I think it’s also more simple to handle in the code so it’s another point for the Data API.
I hope you enjoyed the leave - I have 2 girls myself and it’s a lovely but busy time in the first years
Do you have some numbers regarding the performance of the Atlas Data API compared to direct TCP? Because our application is pretty data-intense and we server-side render things, it’s essential for data-fetching to be very fast.
HI Alex - while exact numbers will always vary based on a multitude of things including region, query, amount of data you have, cluster size.
Basic CRUD usage of a well optimized configuration is likely to be in the very low 100ms range (100-200ms) while drivers will perform in the 5-15ms range. Note that this is not a guarantee, but a rough estimate.
This follows the architectural model that the Data API is solving for → it is meant to replace your API and Microservice layer by behaving like that managed middleware, not help you build a backend/middleware API service.
For AWS Lambda it’s a bit different because you directly have a NodeJS runtime with NPM support so you can leverage directly the MongoDB Driver but you have to cache the connection so you don’t connect each time you run a lambda.
So if your cluster is located in a single region and you can host your Lambda in this same AWS region, there are good chances that you are going to be faster than Cloudlare & Atlas Data API.

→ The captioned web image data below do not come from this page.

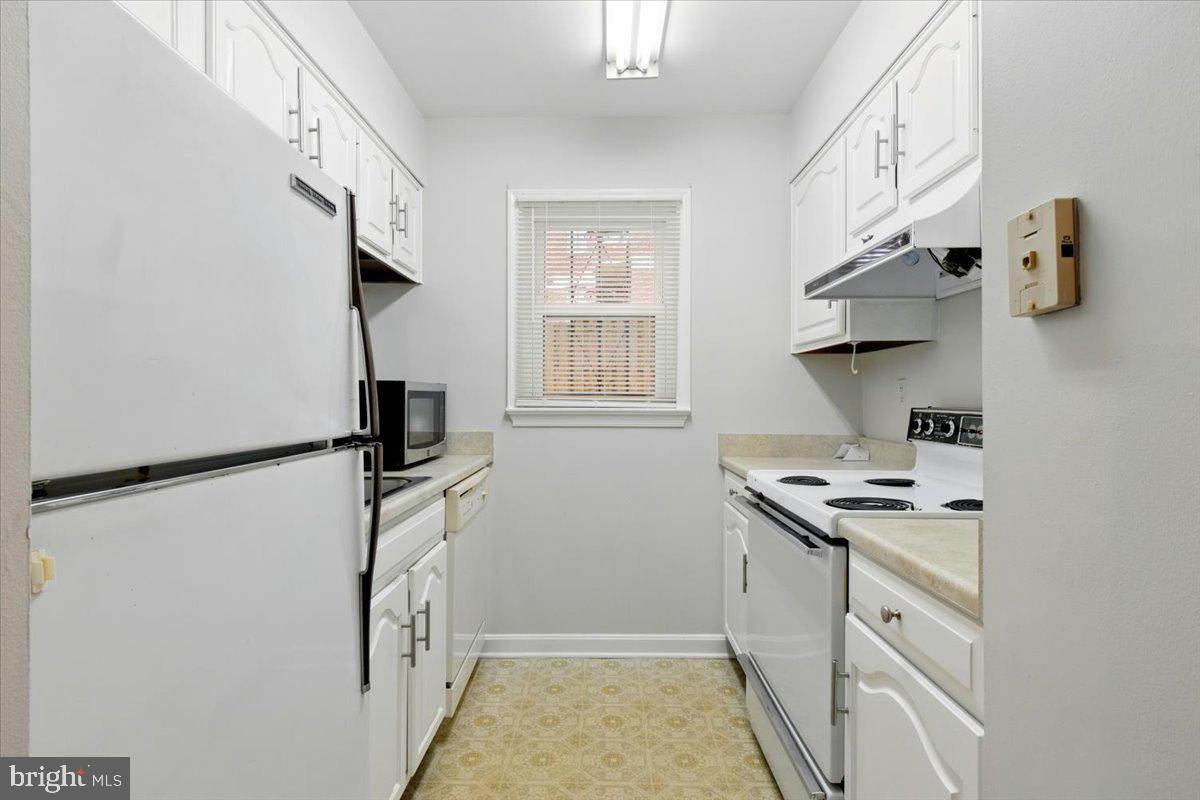 COLIN PLACE - Residential Lease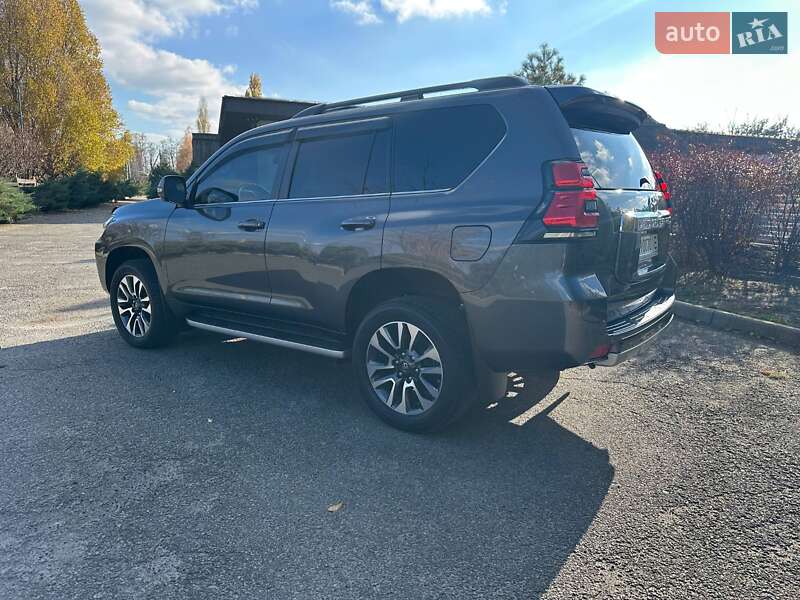 Внедорожник / Кроссовер Toyota Land Cruiser Prado 2023 в Днепре
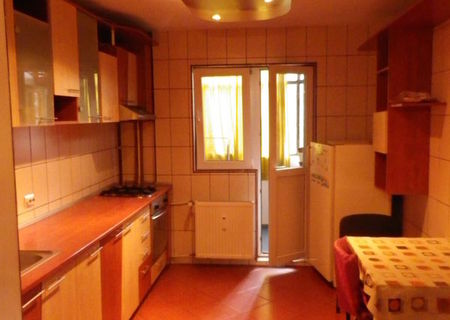 Inchiriere apartament 4 camere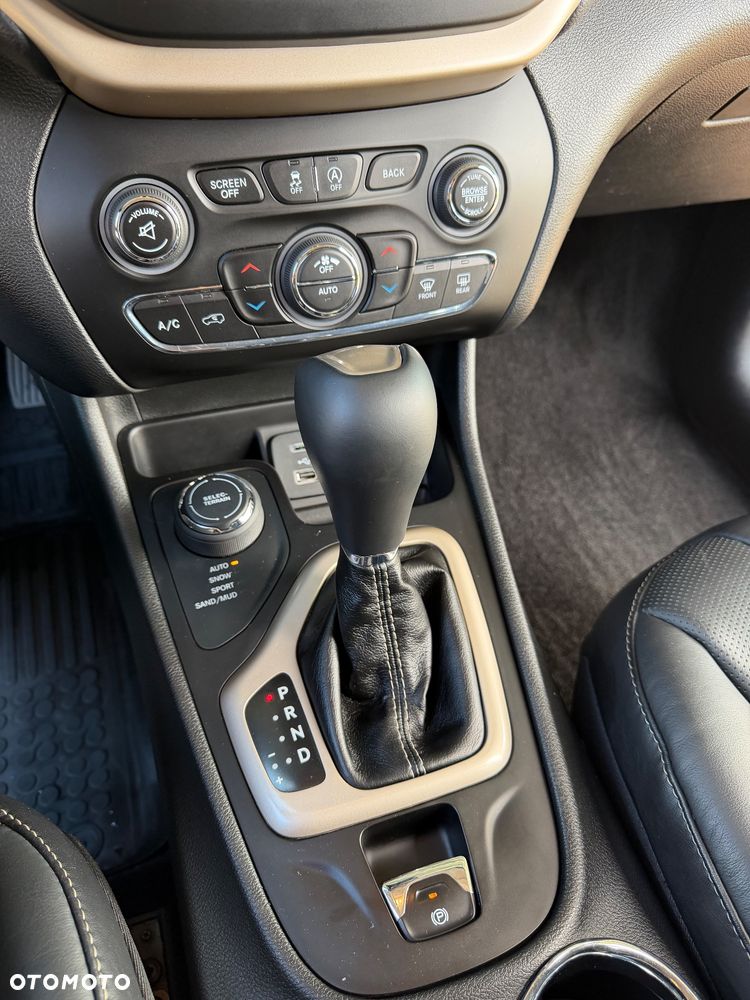 Jeep Cherokee 2.0 Multijet Active Drive II Automatik Limited - 17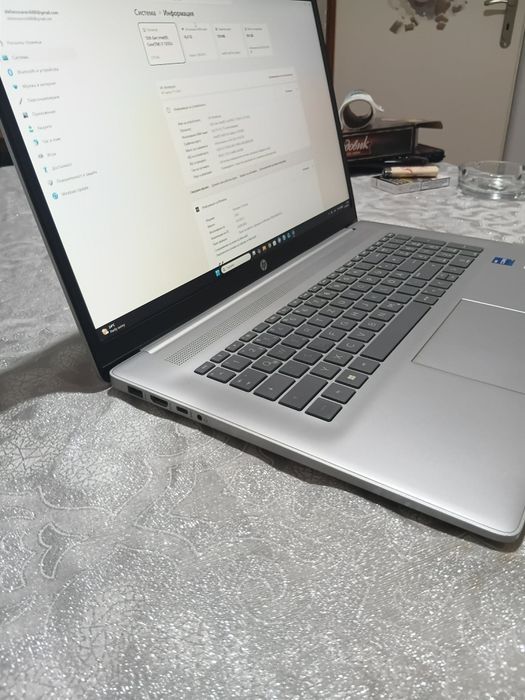 Лаптоп HP 17-cn Intel Notebook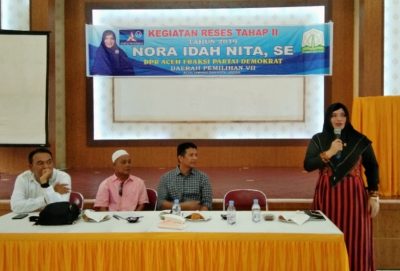 Teks: Anggota DPR Aceh, Fraksi PD, Nora Idah Nita saat menyerap aspirasi masyarakat pada Reses Tahap II Tahun 2019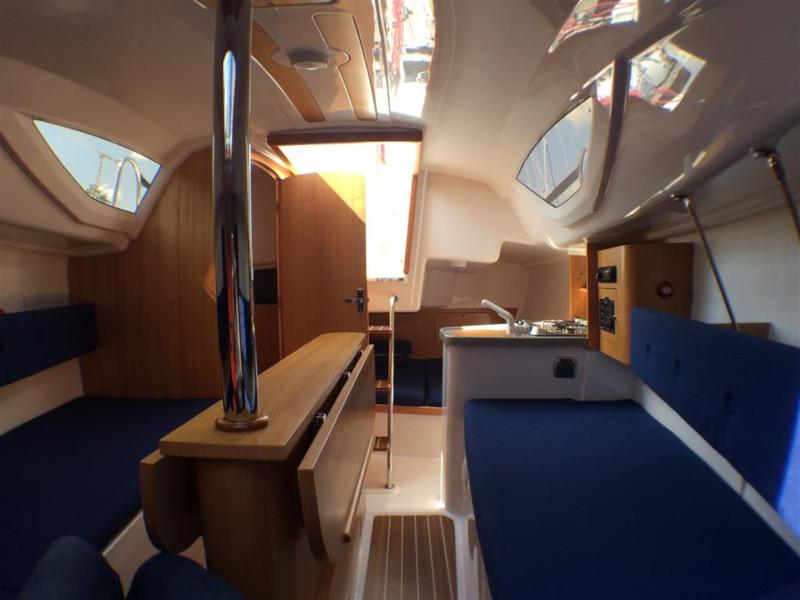Book yachts online - sailboat - Maxus 22 Standard - IRIS - rent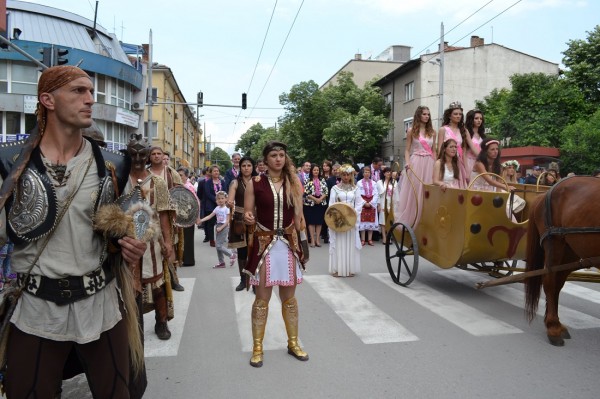 Вълшебна кулминация на Празника на розата в Казанлък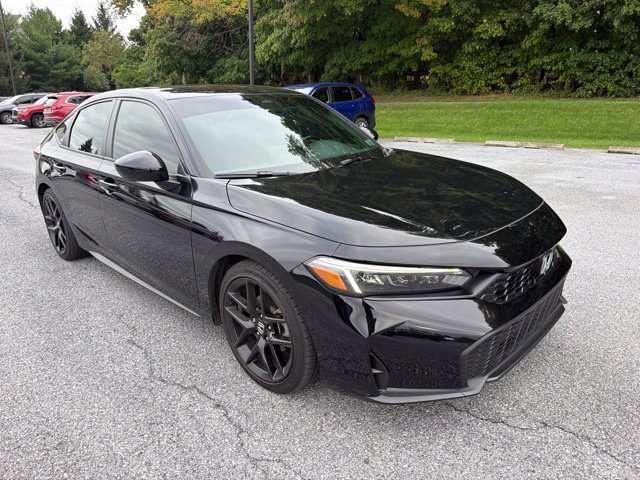 Used 2025 Honda Civic Sport image 1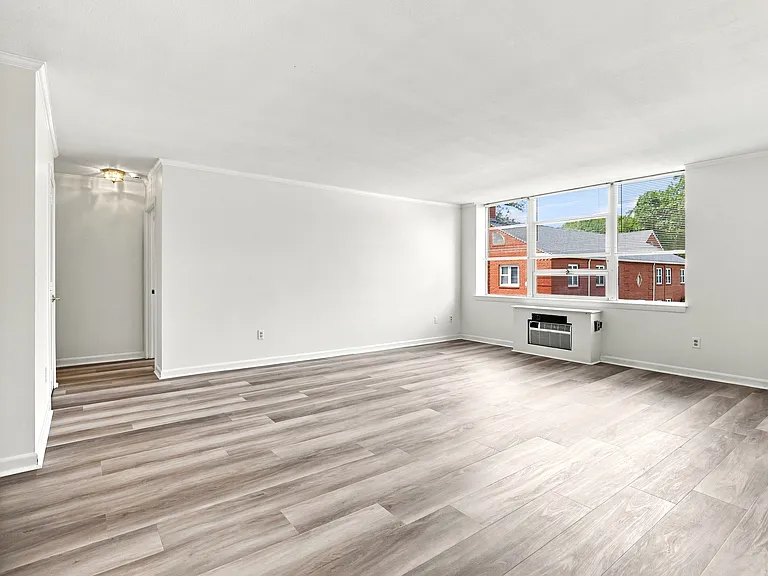20 Hammond Pond Pkwy #208 — Photo 13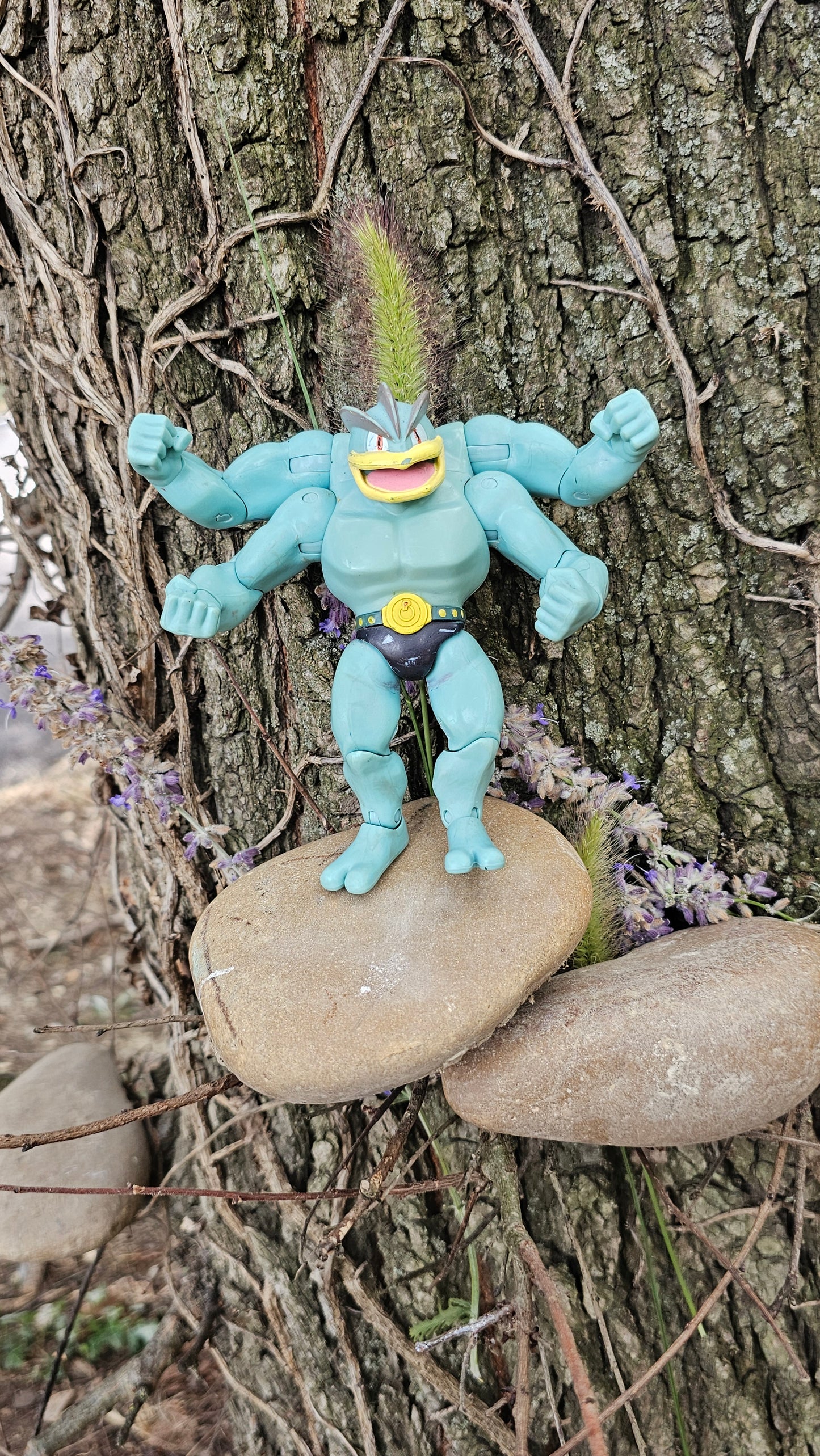 Super figurine Pokemon Nintendo tomy mackogneur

No, MongoDB uses connection pools. So I think it’s more like a hundred connections per driver rather than one but it probably depends on the driver we are talking about as well as each have a different implementation (but follow the same specs).
Yes but it’s more like 100 connections per driver instances or so and there are also internal connections for the Replica Set, etc.
Main issue will be the latency between the server (back-end / Lambda) and the primary you are trying to reach I guess. It also depends on the Internet speed, network quality, etc. The connection itself it pretty fast, the problem is the path and worst case scenario, only the very first lambda would be slower. Once it’s initialised, it’s gonna run forever.